Lipkin, Steven N. 1951-
LIPKIN, Steven N. 1951-
PERSONAL:
Born February 15, 1951, in Akron, OH; married Linda Sawyer, August, 1979; children: Benjamin, Evan. Education: Northwestern University, B.S., 1973; University of Iowa, M.A., 1974, Ph.D., 1977.
ADDRESSES:
Home—1753 Grand Ave., Kalamazoo, MI 49006. Office—Department of Communication, Western Michigan University, Kalamazoo, MI 49008. E-mail—[email protected].
CAREER:
University of Iowa, instructor in rhetoric, broadcasting, and film, 1973-77; East Stroudsburg State College, East Stroudsburg, PA, assistant professor of speech communication and theater arts, 1977-81; Western Michigan University, Kalamazoo, MI, assistant professor, 1981-86, associate professor, 1986-2002, professor of communication, 2002—.
MEMBER:
University Film and Video Association, Society for Cinema Studies.
WRITINGS:
Real Emotional Logic: Film and Television Docudrama as Persuasive Practice, Southern Illinois University Press (Carbondale, IL), 2002.
Contributor to books, including Current Research in Film, Volume 2, edited by Bruce A. Austin, Ablex Publishing (Norwood, NJ), 1986; Handbook of American Film Genres, edited by Wes D. Gehring, Greenwood Press (Westport, CT), 1988; Beyond the Stars III: The Material World in American Popular Film, edited by Paul Loukides and Linda Fuller, Bowling Green State University Popular Press (Bowling Green, OH), 1993; and Why Docudrama?, edited by A. Rosenthal, Southern Illinois University Press (Carbondale, IL), 1999. Contributor to periodicals, including Journal of Film and Video, Cinema Journal, Creative Screenwriting, Quarterly Review of Film and Video, Michigan Academician, Quarterly Review of Film Studies, and Images: Journal of Film and Popular Culture.
WORK IN PROGRESS:
A screenplay for a feature film; a script for a television movie based on real events.
SIDELIGHTS:
Steven N. Lipkin told CA: "I write about 'docudrama' in film and television.

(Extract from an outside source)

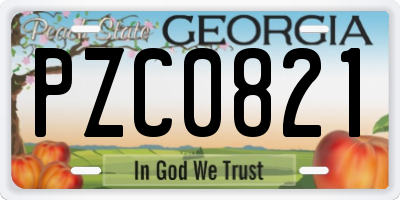 GA license plate PZC0821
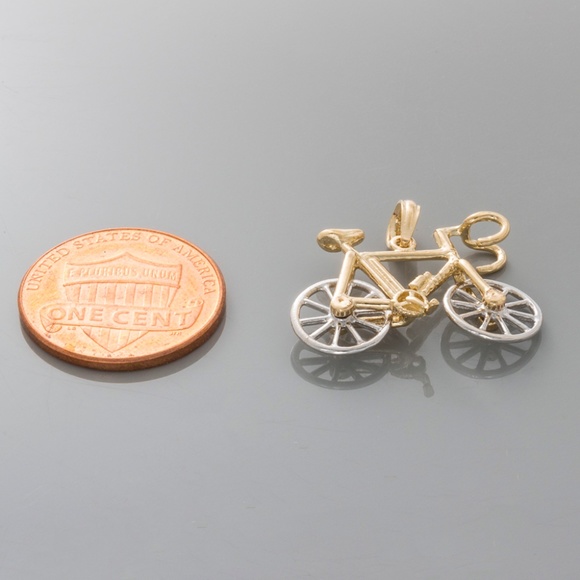 10k Two-tone Yellow & White Gold 3D Ten Speed Bike Bicycle Movable Tires Charm - Picture 3 of 10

I believe feature films and made-for-television movies based on true stories offer us one of the most appealing, and at the same time, one of the most unexplored modes of film and television discourse. I have found it fruitful to approach docudrama as a mode of argument, examining its ethical, historical, and ideological influences on the substantial audience it reaches. Docudramas ride the fence between narrative and documentary modes, blending the strategies of both, belonging wholly to neither.
"My work addresses a central question: why does docudrama offer such an appealing form of storytelling? I believe that the appeal of docudrama inheres within its very form of presentation. In connecting incredibly diverse kinds of dramatic and documentary material these works, I find, consistently argue for a moral view of reality-based subject matter."